Our regression model included three binary predictors of whether a poultry farm i was located inside or outside of three species’ isopleths (X1, X3, and X5) at the migration period k concurrent with an HPAI outbreak (0 = Out /1 = In). To assess a potential lag from the habitat use of wild waterfowl to HPAI outbreaks in poultry farms, the model included additional three binary predictors of whether a poultry farm i was located inside or outside of three species’ isopleths (X2, X4, and X6) at the migration period k − 1 prior to an HPAI outbreak (0 = Out /1 = In). Our study selected one predictor among 75%, 95%, and 99% of cumulative probability isopleths for the location of the poultry farm in each of three species’ habitat (X1 to X6).
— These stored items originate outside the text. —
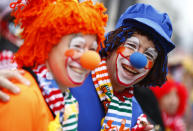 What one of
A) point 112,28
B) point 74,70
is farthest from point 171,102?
point 74,70

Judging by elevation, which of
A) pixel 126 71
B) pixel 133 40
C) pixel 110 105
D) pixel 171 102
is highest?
pixel 133 40

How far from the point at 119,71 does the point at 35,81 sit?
55cm

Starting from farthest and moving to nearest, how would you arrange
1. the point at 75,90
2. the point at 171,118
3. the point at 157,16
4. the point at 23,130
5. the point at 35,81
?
the point at 171,118
the point at 157,16
the point at 75,90
the point at 35,81
the point at 23,130

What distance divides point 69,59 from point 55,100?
0.59ft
Goodness of fits of candidate regression models including each UD isopleth predictor were compared using Akaike information criterion (AIC) and Area Under the Curve (AUC) of the Receiver Operating Characteristics (ROC) curve (Table S1). One of five poultry farm types (X7), the radius of a poultry farm (X8), the flock size of a poultry farm (X9) and their interactions were included as covariates in the model. Our model included two random effects, one for the production site ID of a poultry farm (μk) to account for the repeated measures design (i.e., four observations of HPAI within each farm, one for each period of the annual cycle of migration), and another for the province of a farm (μi) to account for spatial clustering of farms within the same province. The final model was built using backward variable selection and a final model was selected based on the lowest AIC. The final model was used to create risk prediction maps for an HPAI outbreaks in the ROK across four periods, by simple spatial smoothing methods (i.e. Kernel density). We also created uncertainty maps to present the variation of predicted probability within the risk maps. The predicted probability and Pearson residual of an HPAI outbreak around a poultry farm were estimated using Kernel density with the weight of 6 km bandwidth in ArcGIS (V 10.7, ESRI, US). All statistical analyses were performed in R studio (V 1.1.463)81,82. All methods were conducted in accordance with the relevant guidelines and regulations of the research authority of APQA in the ROK.